▶ _WHAT IS REQUIRED_
An exact transcription of the entries is required, with no images included.

(Scraped caption text data)
--- START ---

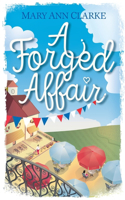 Forged Affair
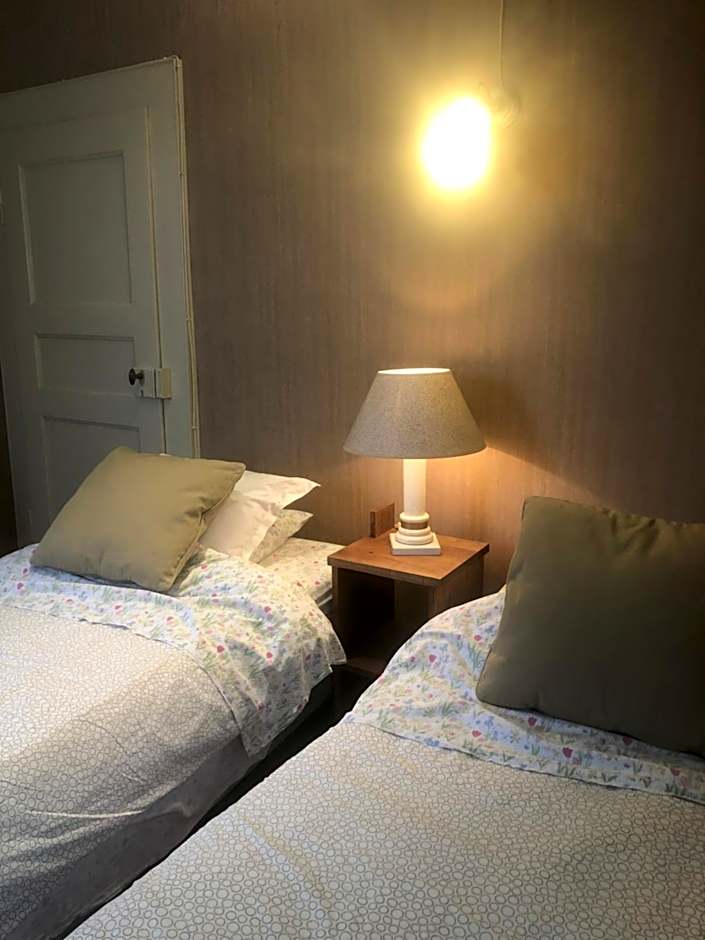 La Maison de juliette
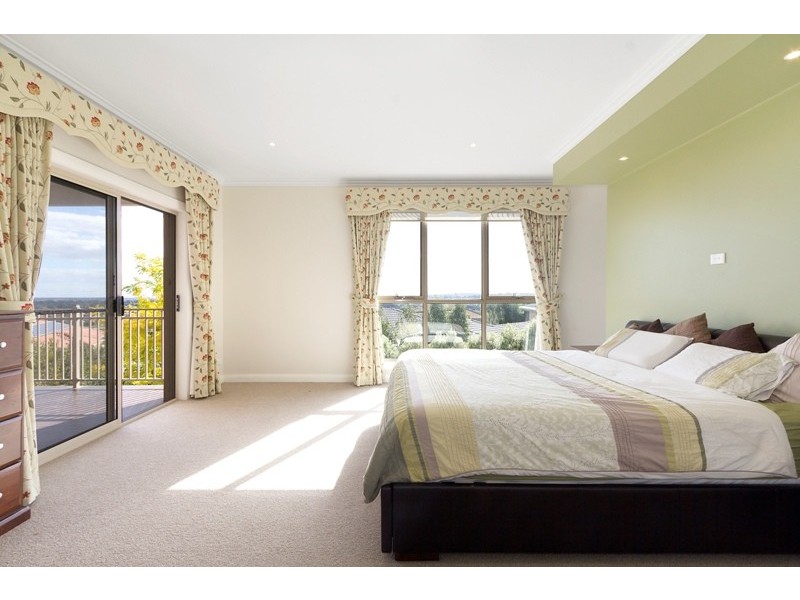 7 The Rise, Narre Warren VIC 3805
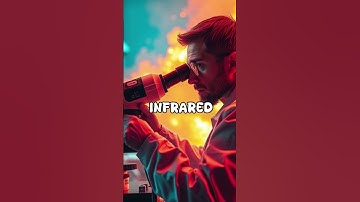 Fundamentals of Molecular Spectroscopy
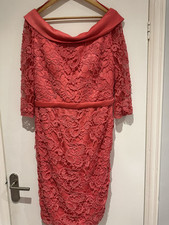 Veni infantino coral for sale  UK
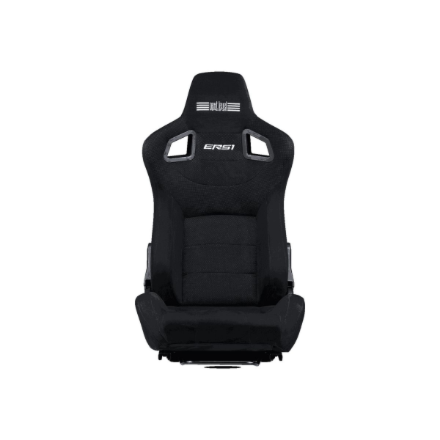 Next Level Racing ERS1 Elite Racing Seat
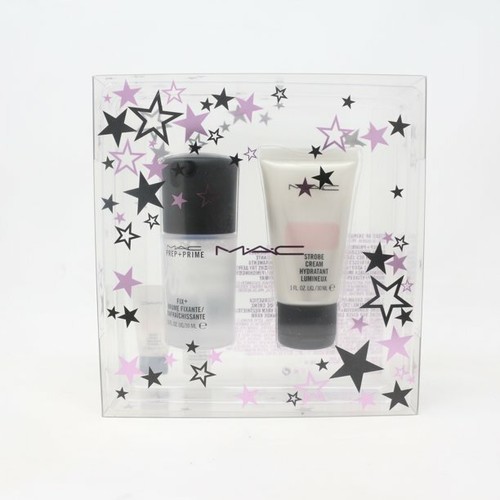 Mac stars skincare - of,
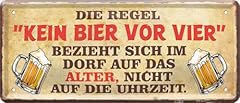 Schilderkreis24 blechschild 28 gebraucht kaufen  Wird an jeden Ort in Deutschland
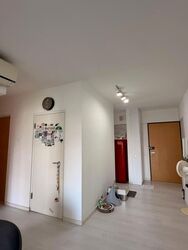 Blk 520C Centrale 8 At Tampines (Tampines), HDB 3 Rooms #608751211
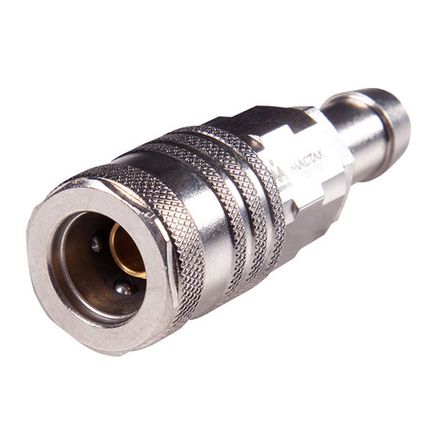 Цена на МАСТАК (103-71002) Муфта быстросъемная для радиатора Scania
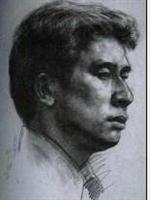  占豪 的个人资料-+ 占豪 的网站-+价值中国网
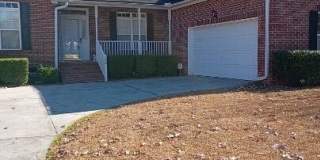 126 Spalding Circle Gallery 1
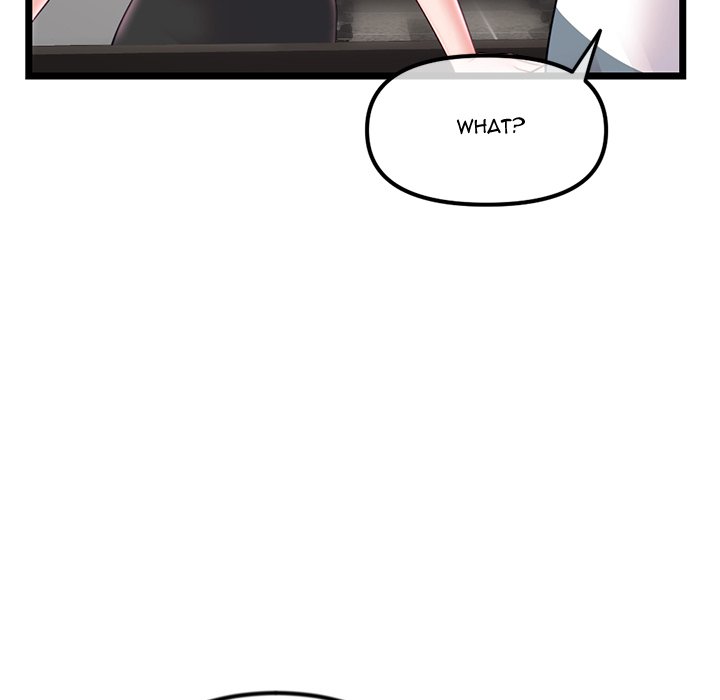 Midnight PC Cafe Chapter 37 - Manhwa18.com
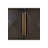 Claremont Sideboard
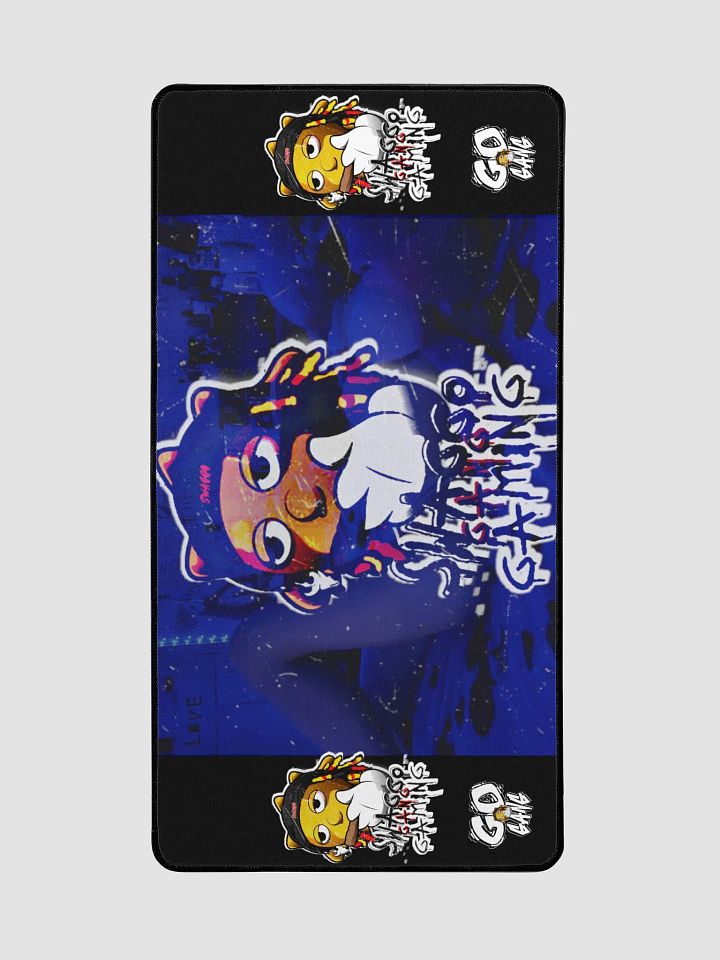 SGG Desk Pad product image (2)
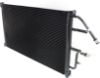 Picture of A/C Condenser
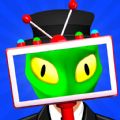 Find & Catch Alien UFO Games Mod Apk Download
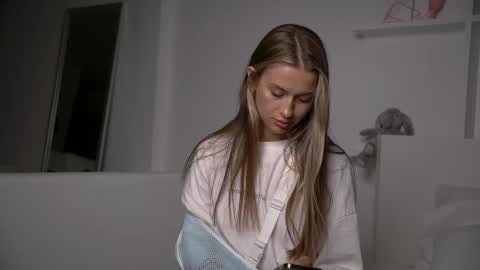 Darya online show from March 8, 11:05 am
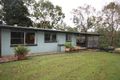 Property photo of 80 Pacchiardi Road Tolga QLD 4882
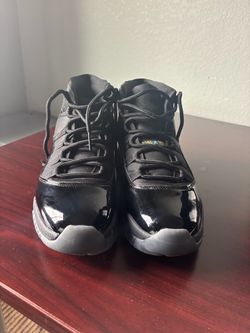 Air Jordan 11 Retro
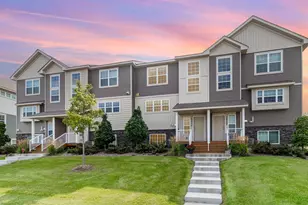 5325 Oak Grove Parkway N, Brooklyn Park, MN 55443 - Photo 1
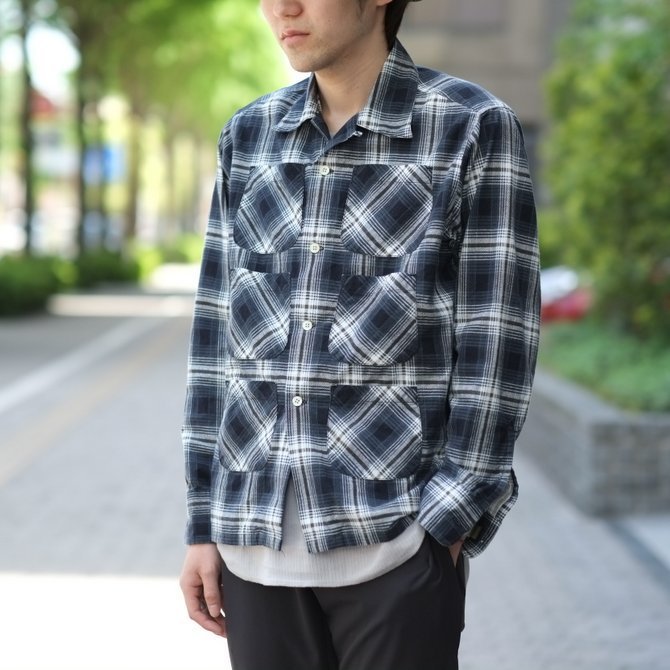SOUTH2 WEST8 ~17SS~_e0152373_18431086.jpg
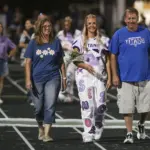 fb-scc-ikmhs107-25-09-12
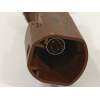 CAMARA A0009056206 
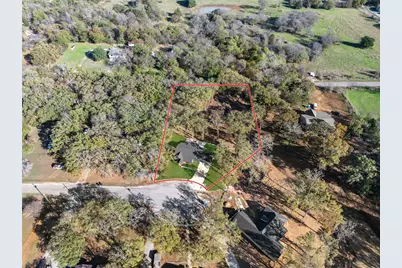 246 Karen Drive, Denison, TX 75021 - Photo 25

--- END ---

▶ _YOUR RESPONSE_
 Forged Affair
 La Maison de juliette
 7 The Rise, Narre Warren VIC 3805
 Fundamentals of Molecular Spectroscopy
 Veni infantino coral for sale  UK
 Next Level Racing ERS1 Elite Racing Seat
 Mac stars skincare - of,
 Schilderkreis24 blechschild 28 gebraucht kaufen  Wird an jeden Ort in Deutschland
 Blk 520C Centrale 8 At Tampines (Tampines), HDB 3 Rooms #608751211
 Цена на МАСТАК (103-71002) Муфта быстросъемная для радиатора Scania
  占豪 的个人资料-+ 占豪 的网站-+价值中国网
 126 Spalding Circle Gallery 1
 Midnight PC Cafe Chapter 37 - Manhwa18.com
 Claremont Sideboard
 SGG Desk Pad product image (2)
 Picture of A/C Condenser
 Find & Catch Alien UFO Games Mod Apk Download
 Darya online show from March 8, 11:05 am
 Property photo of 80 Pacchiardi Road Tolga QLD 4882
 Air Jordan 11 Retro
 5325 Oak Grove Parkway N, Brooklyn Park, MN 55443 - Photo 1
SOUTH2 WEST8 ~17SS~_e0152373_18431086.jpg
 fb-scc-ikmhs107-25-09-12
 CAMARA A0009056206 
 246 Karen Drive, Denison, TX 75021 - Photo 25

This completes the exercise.